In accordance with Art. 935 of the Civil Code, in the absence of the testator's spouse, his/her relatives and the children of the testator's spouse called to the inheritance by law, the inheritance falls to the municipality of the testator's last place of residence as a legal heir. If the testator's last place of residence in the Republic of Poland cannot be established, or the testator's last place of residence was abroad, the inheritance is inherited by the State Treasury as a legal heir.

Article 928 [Inheritance unworthiness].
§ 1. An heir may be declared unworthy by the court if:
1) he has intentionally committed a grave crime against the testator;
2) by trickery or threat has persuaded the testator to draw up or revoke a will, or has prevented him/her from doing either of these acts in the same manner;
3) intentionally hid or destroyed the testator's will, falsified or imitated his or her will, or knowingly used a will falsified or imitated by another person.
§ 2 An unworthy heir shall be excluded from the inheritance as if he had not lived to see the opening of the inheritance.

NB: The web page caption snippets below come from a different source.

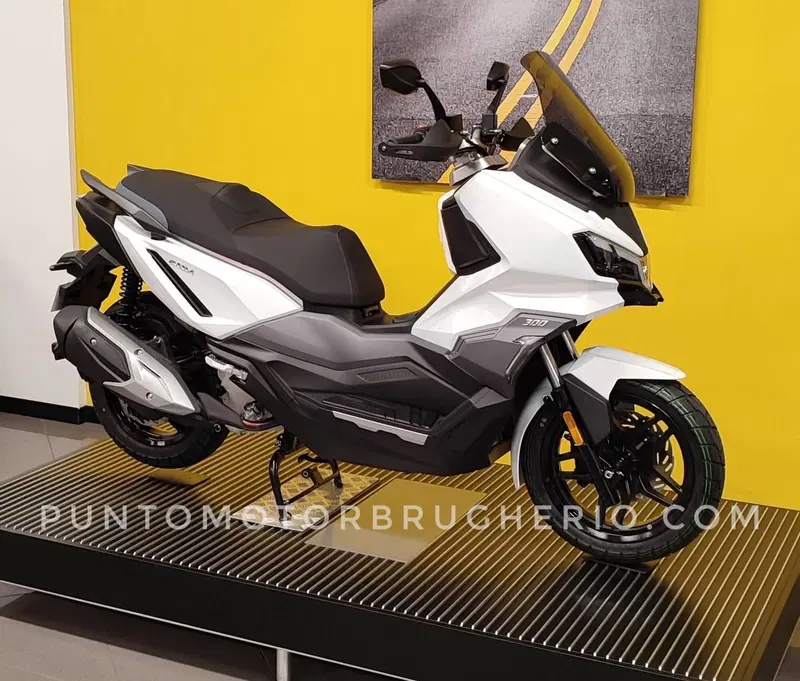 Sym ADX 300 (2024 - 26) (3)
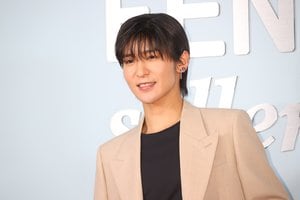 「ユニフォームとても似合ってて素敵でした」Snow Man目黒蓮とJ1川崎レジェンドとの「まさかのFK対決」が大反響！「いつか始球式でてほしいな！」「始球式来てくれ」と期待の声もの画像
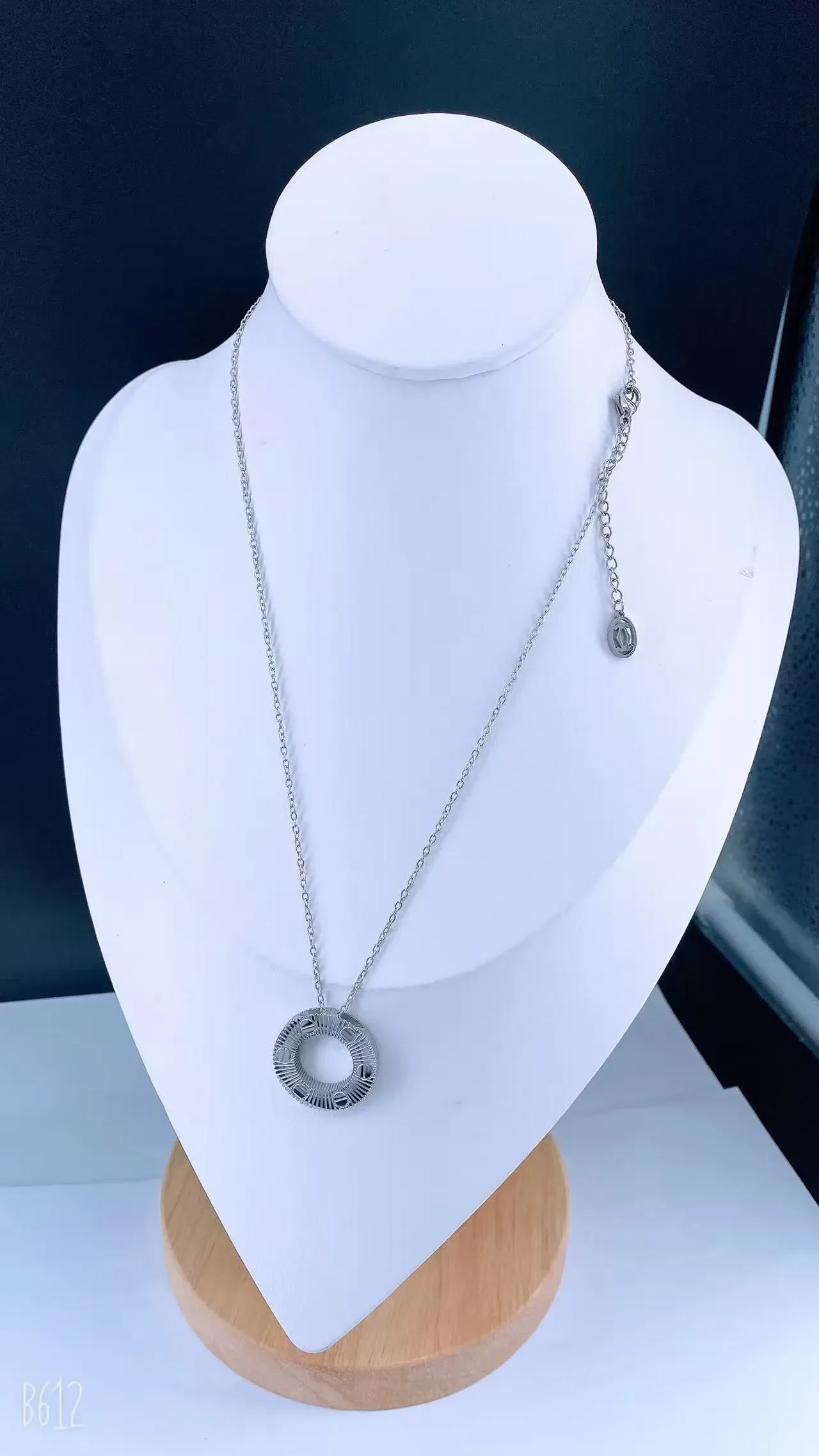 Silver Gold Circular Open-Ring Pendant Radial Fluted Bezel Necklace 2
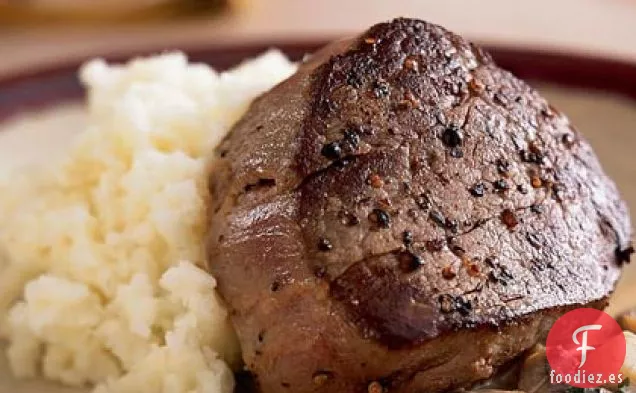 Solomillo de Ternera con Salsa de Champiñones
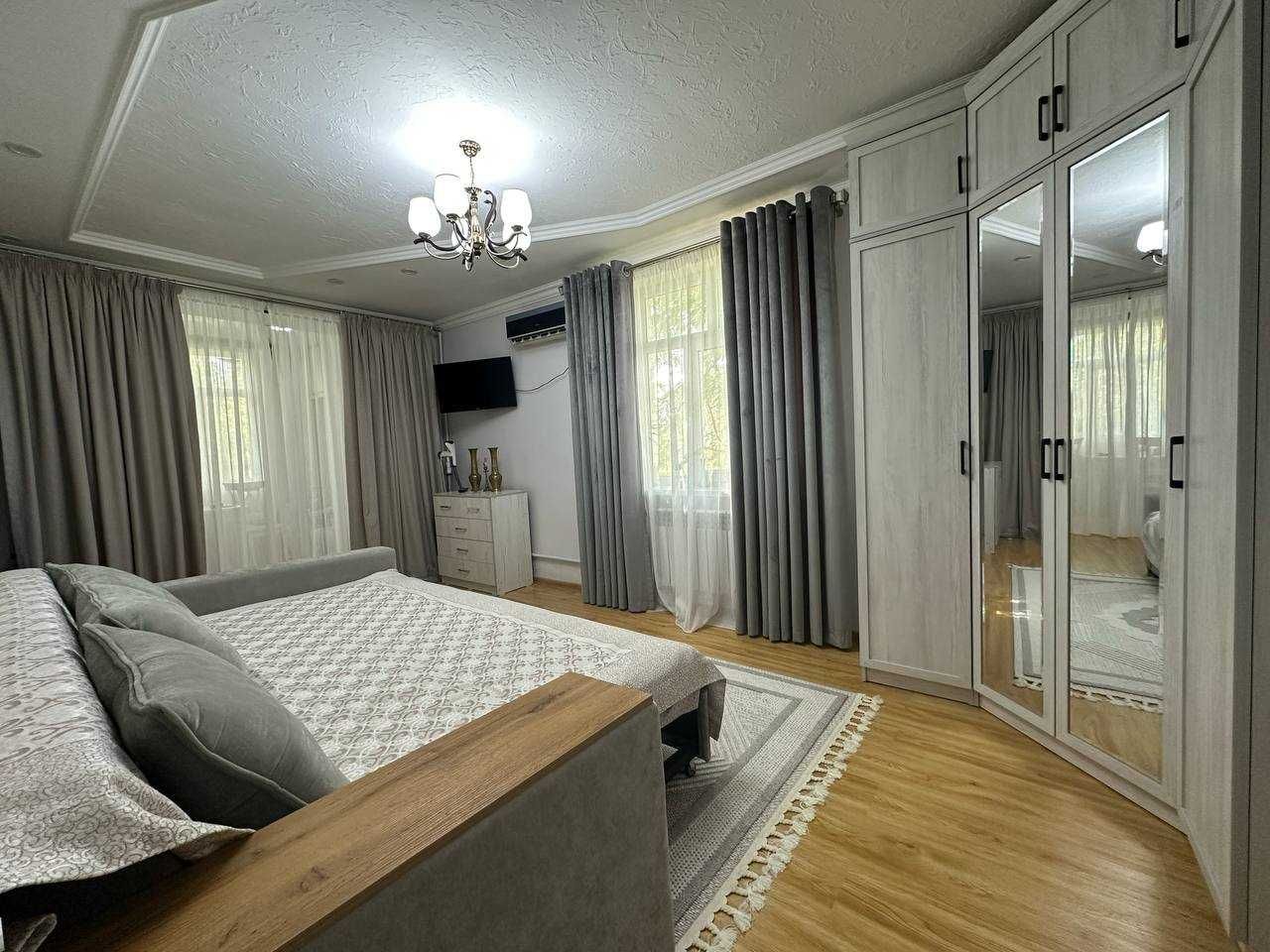 Академгородок (ор-р IT Park) 1в2/5/5 балкон 2*6 43кв.м.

Art. 931 [First group of statutory heirs].
§ 1 The children of the testator and his/her spouse are called to the inheritance first by law; they inherit in equal parts. However, the spouse's share may not be less than a quarter of the total inheritance.
§ 2 If a child of the testator did not live to see the opening of the inheritance, the share of the inheritance that would have fallen to them falls to their children in equal parts. This provision applies accordingly to further descendants.

Art. 932 [Inheritance in the absence of the testator's descendants].
§ In the absence of the testator's descendants the testator's spouse and parents are called to the succession by law.
§ 2. The share of the inheritance of each parent who inherits jointly with the testator's spouse shall be one-fourth of the total inheritance. If the paternity of a parent has not been established, the share of the testator's mother inheriting jointly with the testator's spouse amounts to half of the inheritance.

Art. 933 [Spouse's share of the inheritance].
§ The share of the succession of the spouse who inherits jointly with the testator's parents, siblings and descendants is half of the succession.
§ 2 In the absence of the testator's descendants, his parents, siblings and their descendants, the entire inheritance falls to the testator's spouse.

Art. 9351 [Exclusion of the separated spouse].
Provisions on appointment to the inheritance by statute shall not apply to the testator's spouse remaining in legal separation.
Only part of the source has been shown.